Sud-Ouest

Accrocher des jeunes à l’école par la techno

Accrocher des jeunes à l’école par la techno
Photo: Voix Pop – Denis GermainEn collaboration avec l'école secondaire Saint-Henri, Osedea accompagne les élèves dans la conception d'un jeu interactif.

Inquiétée par le haut taux de décrochage, une entreprise numérique du Sud-Ouest met son expertise et son temps au profit de la persévérance scolaire, depuis quatre ans. Osedea initie des jeunes de l’école secondaire de Saint-Henri à la programmation et au design informatique, dont la dernière cohorte vient récemment de mettre en ligne son jeu interactif.

Le président et fondateur de la compagnie, Martin Coulombe, s’est inspiré des programmes de sports-études, en arts ou en musique pour accrocher les jeunes qui aiment les jeux vidéo à l’école.

Le président et fondateur d’Osedea, Martin Coulombe

«On s’est dit qu’on allait essayer de donner un intérêt pour les métiers numériques dans le but de les intéresser à poursuivre des études postsecondaires dans ce milieu», explique-t-il.

Valetina Segrea est l’une des participantes qui a eu la piqûre pour le domaine informatique et souhaite poursuivre dans cette voie grâce au programme.

«Je ne connaissais rien du tout à la technologie. La programmation, c’était tout nouveau pour moi, je ne savais pas comment faire, mais peu à peu j’ai compris. La partie du dessin était vraiment intéressante, de voir comment un designer pense et procède», raconte-t-elle.

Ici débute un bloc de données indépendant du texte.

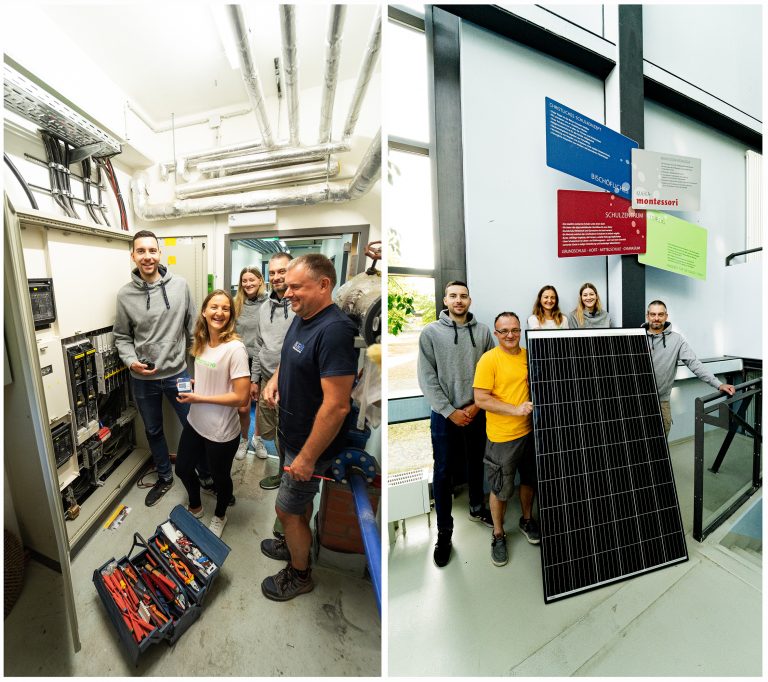 Zwei Bilder hochkant nebeneinander: links stehen die Schülerinnen und Schüler mit Vertretern der CENERO vor einem Werkzeugkastenneben einer Sicherungsanlage und lächeln in die Kamera. Rechts posieren sie mit einem Photovoltaikmodul.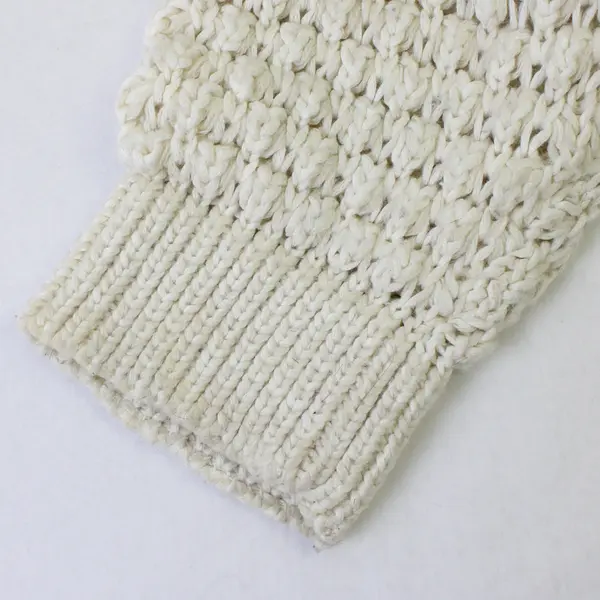 Dip Off-White Cropped Knit Sweater Women's Size Medium FLAWED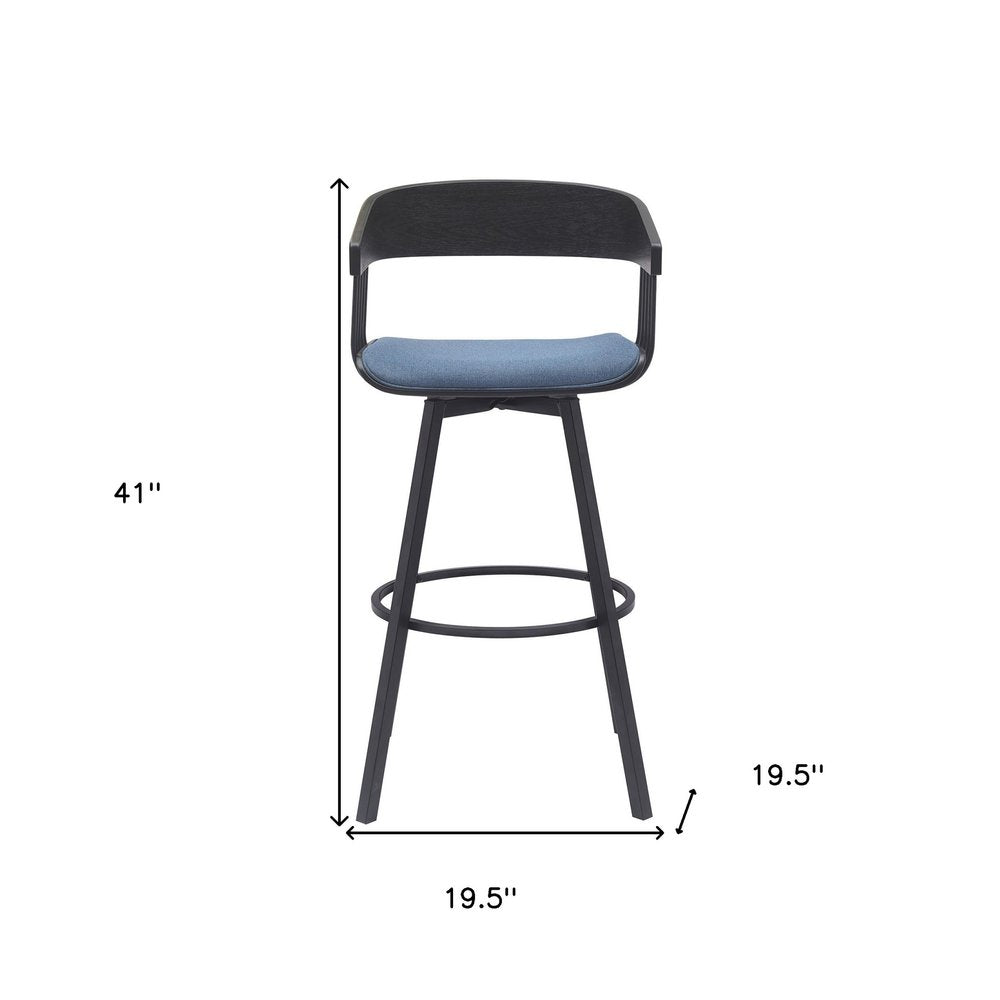 31" Blue And Black Fabric And Metal Bar Height Swivel Bar Chair HomeRoots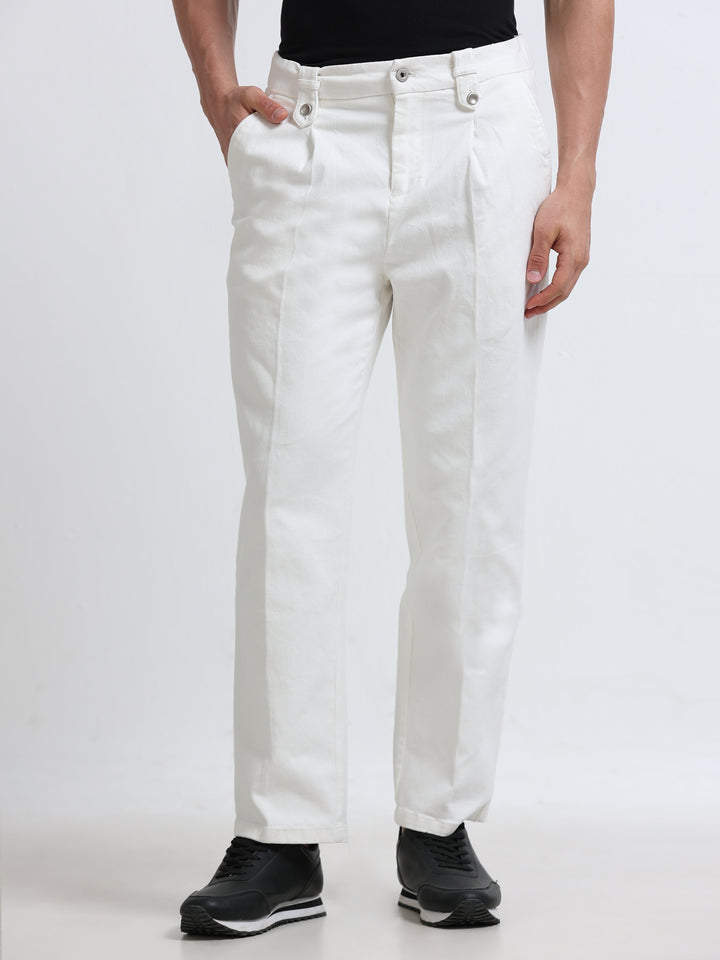 Savero Pleated Tapered Trouser – Ivory White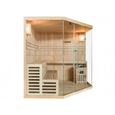 Sauna Traditionnel Finlandais d'angle 4/5 places vitré Gamme prestige IMATRA-1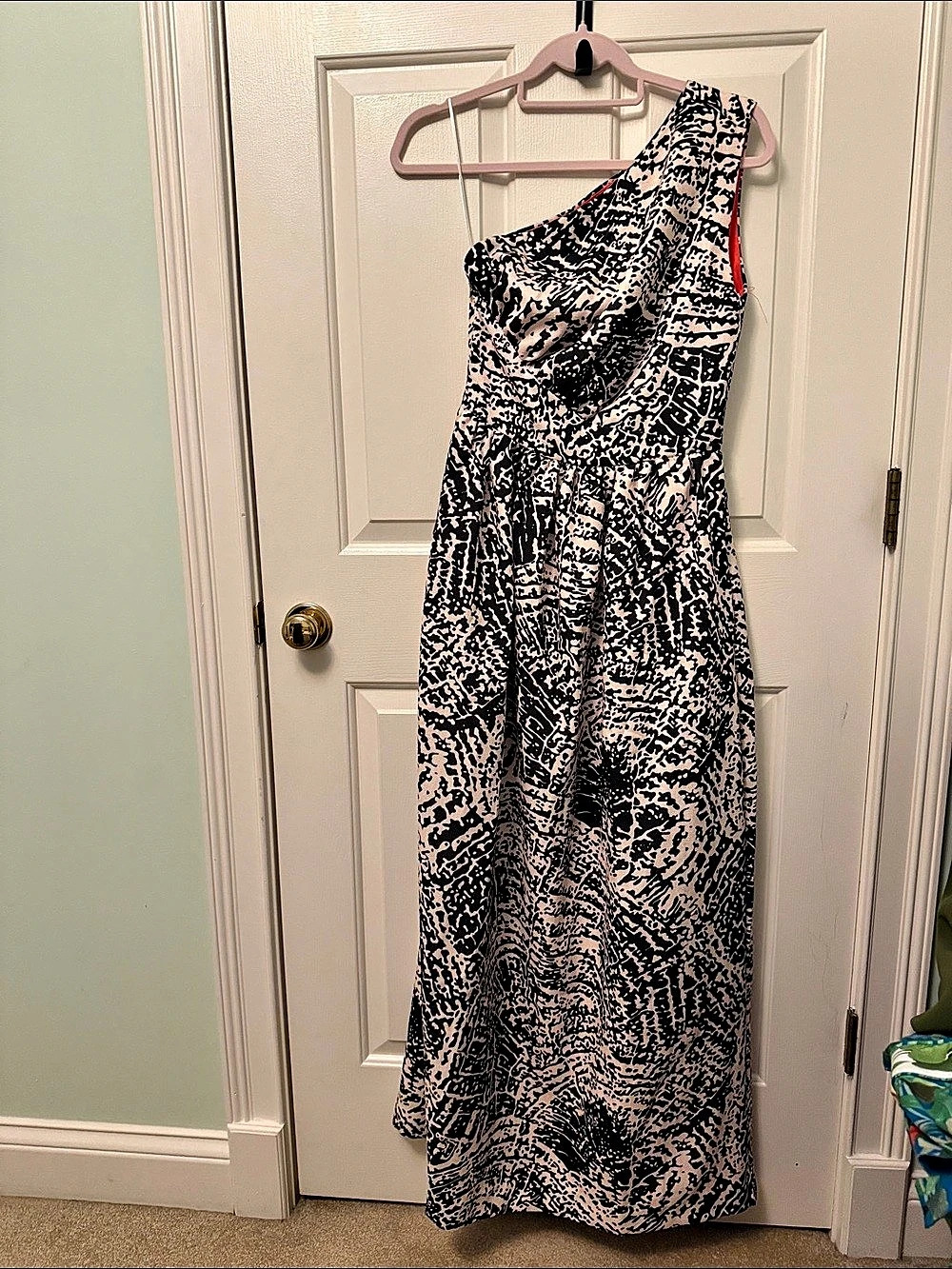 CK Bradley Southside Maxi One-Shoulder Animal Print Maxi Dress Size Small NWT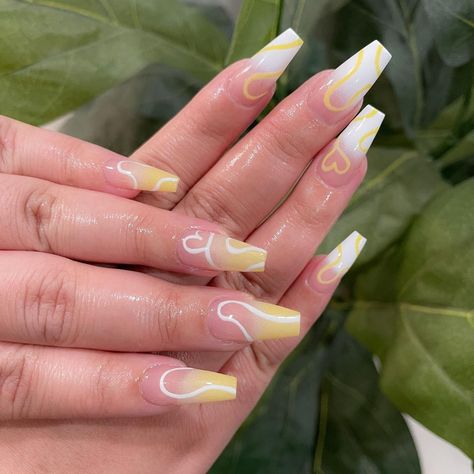 ♡ 𝐍𝐚𝐢𝐥𝐬 𝐁𝐲 𝐉𝐞𝐧𝐧𝐲 ♡ on Instagram: “✨love fills my heart 💛 •• 🤍medium long gel x coffin shaped set with yellow hand drawn hearts and swirls • ☁️𝚗𝚊𝚒𝚕𝚜 𝚋𝚢 @nailsbysnappy ••…” Gel X Coffin, Swirls Nails, Heart Hands Drawing, Yellow Nails, Best Acrylic Nails, Medium Long, Nail Inspo, My Heart, Acrylic Nails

Pour sa consœur Amrita Ramgoolam, la formation est venue confirmer son intérêt pour le numérique. «La programmation, ce n’est pas facile, mais c’est ce que je veux faire dans le futur. Ils m’ont aidé à comprendre la matière», mentionne l’adolescente.

«Qui est cette personne?»

Débuté en 2015, le programme de huit semaines invite des élèves de 3e secondaire à passer deux heures dans les bureaux d’Osedea, tous les mardis après les classes. La formation est donnée bénévolement par des employés de la compagnie.

Au fil des séances, les participants apprennent notamment à designer des applications mobiles ou des sites web ainsi que différents langages de programmation. Au terme du projet, les élèves ont conçu le jeu «Qui est cette personne?». Leur production interactive consiste à trouver le nom des différents personnages connus qui défilent.

Les apprentis se présentent aux séances sur une base volontaire. Sur une moyenne de 20 inscriptions par année, certains lâchent toutefois en cours de route. En 2019, 13 élèves ont complété la formation.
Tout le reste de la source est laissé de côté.